Read Genesis 31:1–36:43
1Then Jacob looked up and saw Esau coming with his 400 men. So he divided the children among Leah, Rachel, and his two servant wives. 2He put the servant wives and their children at the front, Leah and her children next, and Rachel and Joseph last.
3Then Jacob went on ahead. As he approached his brother, he bowed to the ground seven times before him. 4Then Esau ran to meet him and embraced him, threw his arms around his neck, and kissed him. And they both wept
5Then Esau looked at the women and children and asked, “Who are these people with you?” “These are the children God has graciously given to me, your servant,” Jacob replied.Genesis 33:1-5
This is the last part of Jacob’s story, and much has changed. Having fled to Laban, Jacob now flees from him. Having exploited Esau, Jacob now seeks to be reconciled.
Having left home single and poor, he now returns with a family and wealth. The only constant from the past is his uncertainty: Jacob wonders what Esau will do—whether he still harbors anger and will seek revenge. But Jacob has learned to trust in God.

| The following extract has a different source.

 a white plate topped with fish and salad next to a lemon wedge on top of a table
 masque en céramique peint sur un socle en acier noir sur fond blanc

This story has much to say about everyday life and relationships. Look for lessons on dealing with jealousy; working hard; releasing children; letting go of bitterness; reconciling; and forgiving.

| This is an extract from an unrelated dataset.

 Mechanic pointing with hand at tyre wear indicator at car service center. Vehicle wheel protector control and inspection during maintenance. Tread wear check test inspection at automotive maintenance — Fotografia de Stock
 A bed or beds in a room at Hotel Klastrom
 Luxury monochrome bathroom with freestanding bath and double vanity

When the two brothers meet again, the bitterness over losing his birthright and blessing (Genesis 25:29-34, 27:1-40:1-40) seems to have been forgotten by Esau. He greets his brother, Jacob, with a great hug (33:1-11). Imagine how difficult this must have been for a man who once had actually plotted to kill his brother (27:41).
Instead of being consumed by thoughts of vengeance, however, Esau is content with what he has and is eager to reconcile. Time away from Jacob has allowed Esau’s bitter wounds to heal. Jacob even exclaims how great it is to see his brother, obviously pleased with him (33:10).
N/B. Sometimes you got to take time away from the source of your pain and hurt in order to begin your self healing.
N/B. You can’t afford to be tangled with what or who is causing you pain and expect to be healed. Wisdom requires that you walk away and get a fresh perspective and examine the core of issues before re-engaging.
Life can bring struggle and pain; we may even feel cheated, as Esau did. But we don’t have to hold on to the past and remain bitter.
We can remove our bitterness by honestly expressing our feelings to God, forgiving those who have wronged us, and being content with what we have.
N/B. Forgiveness is primarily for you and by it you start your healing Journey . Recognize I said ” Healing Journey “. It will or may take time. Be OK staying engaged.
What grudges have you been nursing?
Whom are you refusing to forgive?
What revengeful scenarios have you been imagining?
Confess your thoughts and feelings to God and allow him to heal your memories. Be better, not bitter.